Mieter zur Anzeige von Vermietern aufgerufen

Berliner Mietendeckel Anzeige von Vermietern

Obschon sie längst Teil des Images und Rufes der deutschen Hauptstadt ist, Vermieter von Wohnimmobilien in Berlin sollten sich nicht auf sie verlassen: die personelle Unterbesetzung der Bezirks- und Ordnungsämter und deren Auswirkung auf Durchsetzung des Mietendeckels Berlin.

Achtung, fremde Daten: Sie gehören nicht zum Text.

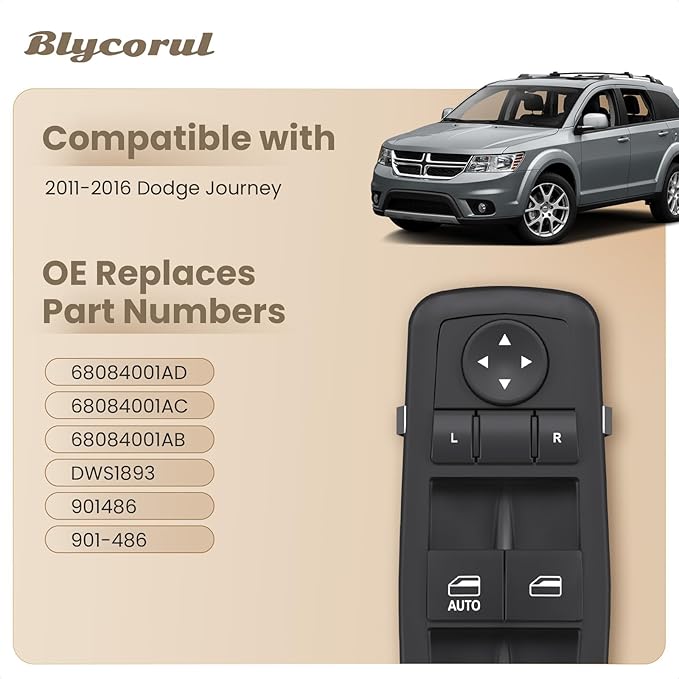 Blycorul Master Power Window Switch Driver Side Control Button Door Lock Replacement for 2011-2016 Dodge Journey Left Front Main Switch with 8+13 Pins Replaces#68084001AD, 68084001AC, 68084001AB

Selbst also in der aktuellen Lage nämlich könnten Vermieter, die darauf vertrauen, derzeit keine Bußgelder aus § 11 MietenWoG Bln befürchten zu müssen, obwohl sie eine von der am Stichtag, also am 18. Juni 2019 nach oben abweichende Miete fordern oder entgegennehmen, schon bald eine böse Überraschung erleben. Denn verschiedene Vertretungen von Mieterrechten, darunter der Berliner Mieterverein e.V. und wenigermiete.de Verein für Mieterrechte e.V., legen ihren Mitgliedern und Kunden bereits die Anzeige einer solchen Ordnungswidrigkeit nach § 11 Abs. 1 Nr. 2 MietenWoG Bln nahe – und stellen dafür gar Musterschreiben zur Verfügung. Mieter können ihre Vermieter somit besonders unkompliziert über die Absicht, ihre Rechte laut Mietendeckelgesetz geltend zu machen, in Kenntnis setzen. Die Hemmschwelle eines solchen Vorgehens gegenüber dem Vermieter – will meinen, Ankündigung und tatsächliche Umsetzung der rechtlichen Geltendmachung – dürfte damit entscheidend sinken. Mehr noch: Anlass zur Sorge gibt nicht allein das bestehende Angebot derartiger Musterschreibens, sondern vor allen Dingen der Inhalt des Mustertextes. Diesem zufolge nämlich tut der Mieter mit diesem Erstanschreiben seinem Vermieter nicht allein die bereits genannten Absichten für die Zukunft kund, sondern informiert zudem über eine jeweils schon vor Versand erfolgte Information des zuständigen Bezirksamtes über den – vermeintlichen – Verstoß gegen den Mietenstopp, welcher sich in § 3 MietenWoG Bln beschrieben findet – mit anderen Worten: der Vermieter muss erfahren, dass seine jenseits den Maßgaben des Mietendeckelgesetzes liegende Mietforderung bereits bei der Behörde angezeigt wurde. Mieter werden somit durch Musterschreiben wir jenes, das auf der entsprechenden Internetseite des Berliner Mietervereins einsehbar ist, in ganz besonderem Maße zur Denunziation ihrer Vermieter verleitet. Die Folgen sind absehbar: Die Bezirksämter werden die durchaus lukrative Einnahmequelle, die ihnen der Mietendeckel Berlin darbietet, mit großer Wahrscheinlichkeit nutzen, insbesondere wenn sich diese Quelle dank der Informationsbereitstellung durch die Mieter ohne großen Personal- und Verwaltungsaufwand erschließen lässt.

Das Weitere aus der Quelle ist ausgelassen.